November 19, 2010

Schooling Citizens: The Struggle for African American Education in Antebellum America, by Hilary Moss, assistant professor of black studies and history, has been honored with the History of Education Society’s (HES) 2010 award for the year’s most outstanding book on the history of education.

The HES Book Prize Committee annually solicits nominations for the award, and this year, 22 publications were nominated. The group first narrowed their choice to five finalists and then reread these volumes carefully, evaluating each book’s thesis and supporting arguments, the work’s significance to the field, its use of sources and its aesthetic qualities. Schooling Citizens came out on top because the committee believed it to be “an important contribution to the historiography of American education, focusing as it does on the purpose of public education,” said HES Book Prize Committee Chair Amy Thompson McCandless, professor of history and dean of the Graduate School at the College of Charleston, in an announcement about the prize. “Well-argued and well written, it deals with issues of race, class, ethnicity, religion and gender that continue to confront educators from pre-school to post-doctoral levels in the 21st century.”

Hilary Moss

“I have been with this project for some time, and it has come to mean a great deal to me,” commented Moss, of Schooling Citizens. “It is gratifying to learn that other scholars in my field appreciate the work that I have done and feel like I have done justice to this history. I am also hopeful such validation will entice more people to go out and read the book, particularly those who want to know how and why race so often influences educational opportunity.”

According to Schooling Citizens, as common schooling emerged in the 1830s and provided white children of all classes and ethnicities with the opportunity to become full-fledged citizens, it redefined citizenship as synonymous with whiteness. This link between school and American identity, Moss argues in the book, increased hostility among whites about educating blacks at the same time that it spurred African Americans to demand public schooling. Complicating matters was the fact that education for blacks in the antebellum U.S., she explains, was a means of securing status as full and equal members of society.  To get a better handle on the situation faced by African Americans in the country at that time, Moss looked at the experiences of residents in the early 19th century in three very different cities: Baltimore, Boston and New Haven, Conn.
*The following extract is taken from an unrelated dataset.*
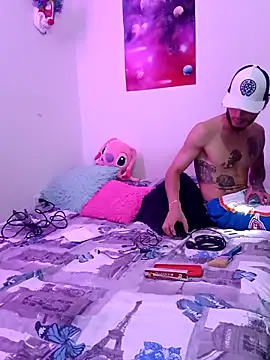 Snapshot of Leslly_ chatting on March 22, 2025, 6:47 pm Leslly online show from March 22, 2025, 6:47 pm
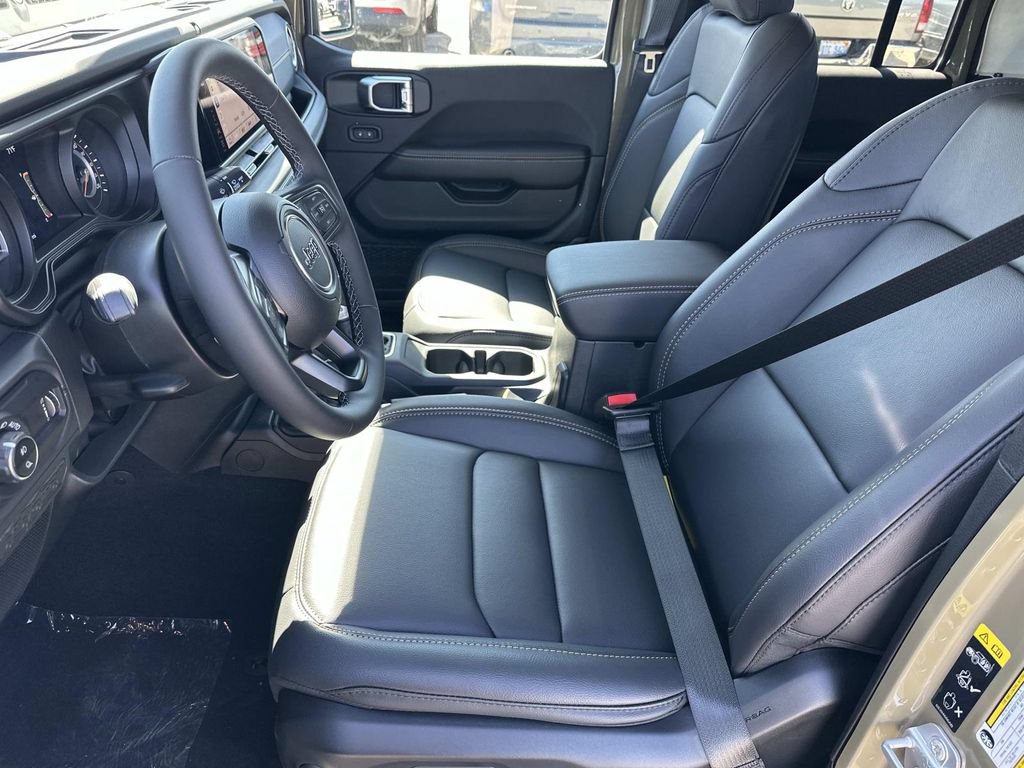New 2026 Jeep Gladiator Sport AWD/4WD image 13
Through the comparative lenses of these three cities, she shows in Schooling Citizen why opposition erupted where it did across the United States during the same period that gave rise to public education. 

A historian of education and the African American experience, Moss has long been interested in understanding how communities decide whom they will and will not educate. In addition to studying such educational disparities, she teaches courses on African American experience from the slave trade to the present. She earned her a bachelor’s degree from Northwestern University and a master’s and doctorate from Brandeis University. Read more about Schooling Citizens at the University of Chicago Press.

The History of Education Society is an international scholarly society affiliated with the International Standing Conference for the History of Education. It publishes the History of Education Quarterly journal.